1.   cavalerie zn. 'ruiterij'
categorie:
leenwoord
Vnnl. cavalery 'ruiterij, ruiters' [1588; Claes 1994], cavallerie 'militaire ruiterij' [1602; WNT pont]; nnl. cavalerie 'legeronderdeel met tanks' [1946; Sijs 2001], 'wapen der tanks en lichte vechtwagens' [1952; Koenen].
Ontleend via Frans cavalerie 'de gezamenlijke bereden legeronderdelen' [1546; Rey], eerder al 'ruiterij' [1308; Rey], of rechtstreeks aan Italiaans cavalleria 'ruiterij' [13e eeuw; Rey], een afleiding van het zn. cavallo 'paard' < Latijn caballus 'werkpaard, knol', later in de volkstaal het algemene woord voor 'paard', dat equus ging vervangen.
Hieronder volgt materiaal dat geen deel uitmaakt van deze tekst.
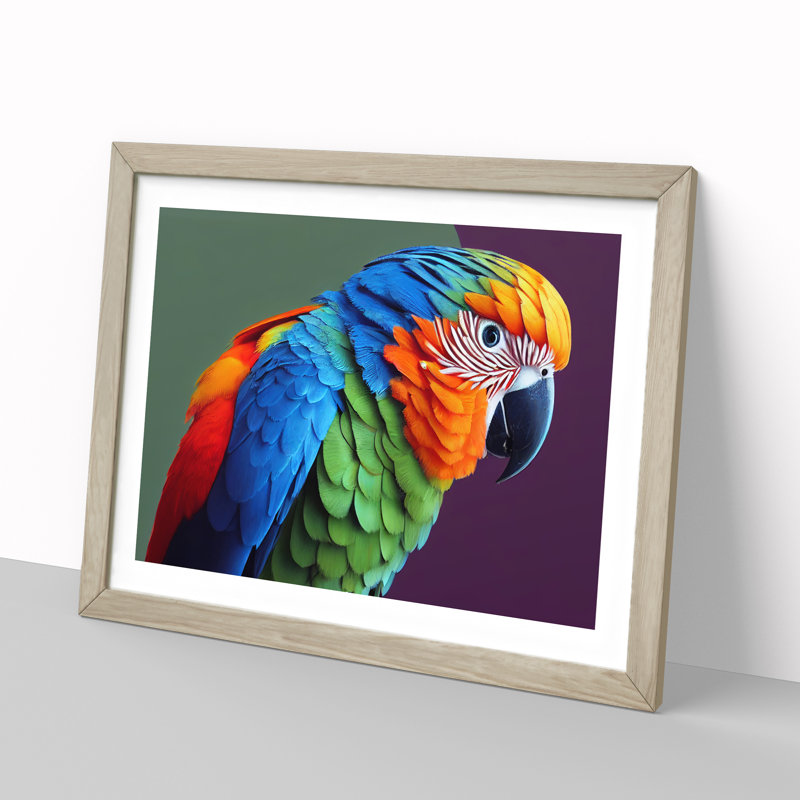 Colourful Parrot Portrait Vol.5 - Single Picture Frame Print, Oak Framed, 25cm H x 34cm W x 2cm D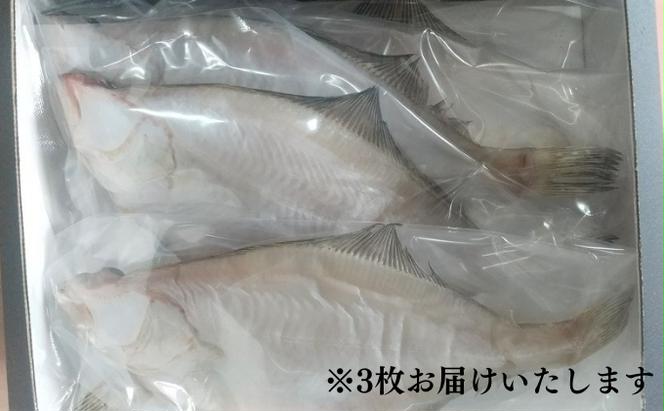 【ふるさと納税】特大エテカレイ 一夜干し 3枚 魚貝類 魚 地魚 一夜干し エテカレイ カレイ 大きめ 干物 ひもの セット 冷凍 個包装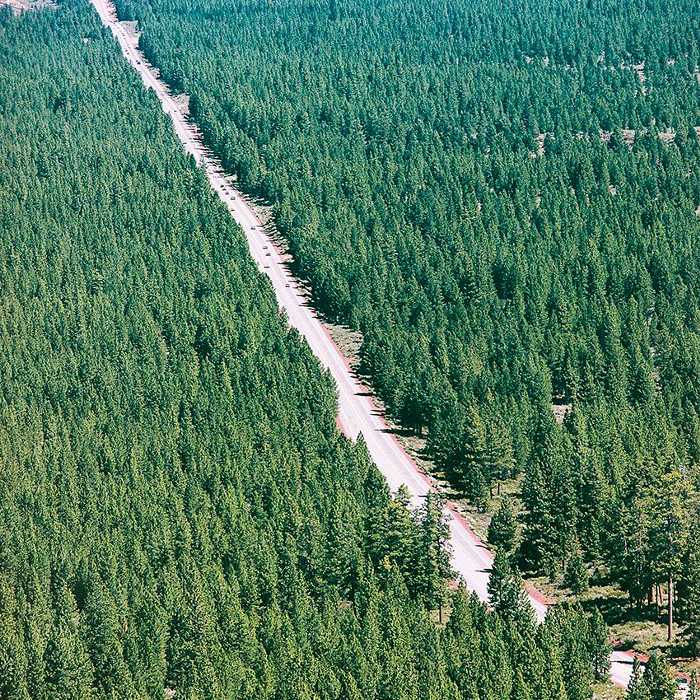 俄勒冈州的森林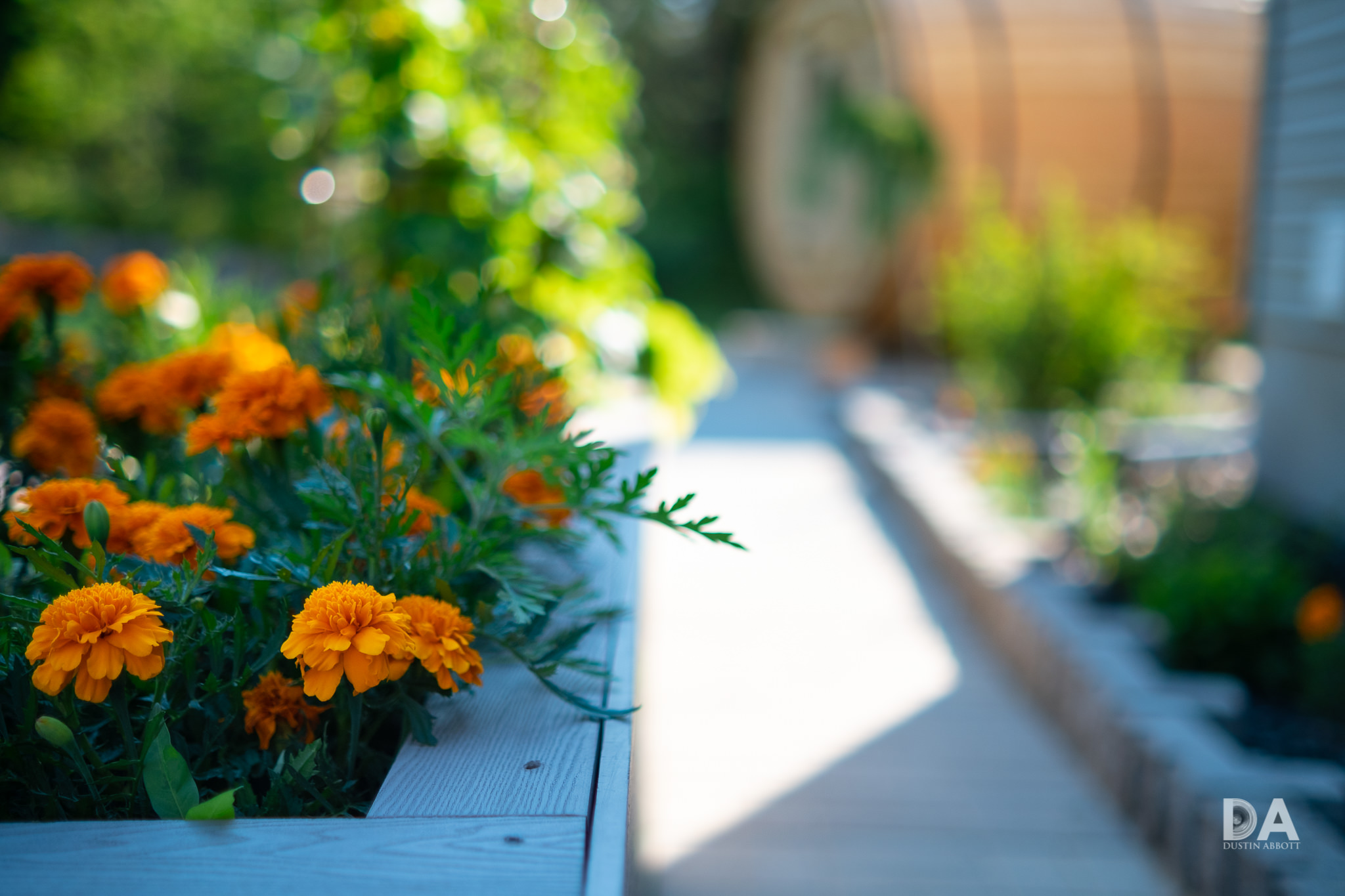 Viltrox AF 33mm F1.4 XF Review - DustinAbbott.net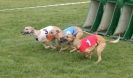 Image 5 in WHIPPET RACING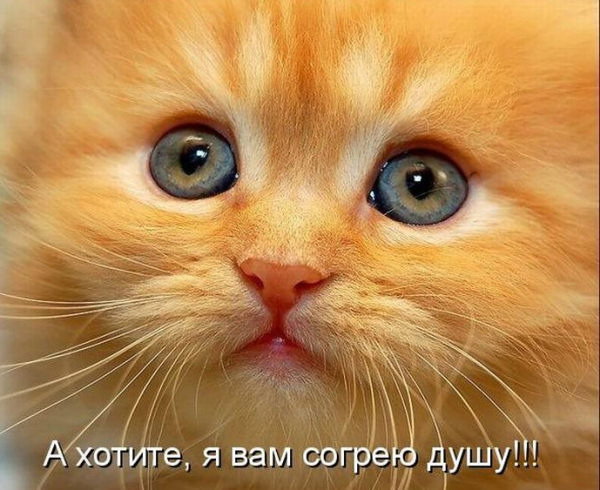 Лариса Маклакова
De herkomst van caballus is omstreden, waarschijnlijk is het geen Indo-Europees woord.
cavalier zn. 'begeleider van een dame, galante heer'. Vnnl. cavalgieres (mv.) 'ruiters, bereden militairen' [1596; WNT Aanv.], cavailliers 'ridders' [1621; WNT Aanv.]; nnl. cavalier 'hoffelijke begeleider van een dame' [1861; WNT Aanv.], 'beleefde heer' [1872; Dale]. Via het Frans ontleend aan Italiaans cavaliere 'ruiter' < Laatlatijn caballarius 'ruiter', een afleiding van caballus 'knol'. De moderne Franse vorm is chevalier, in dezelfde betekenis chevaleresk.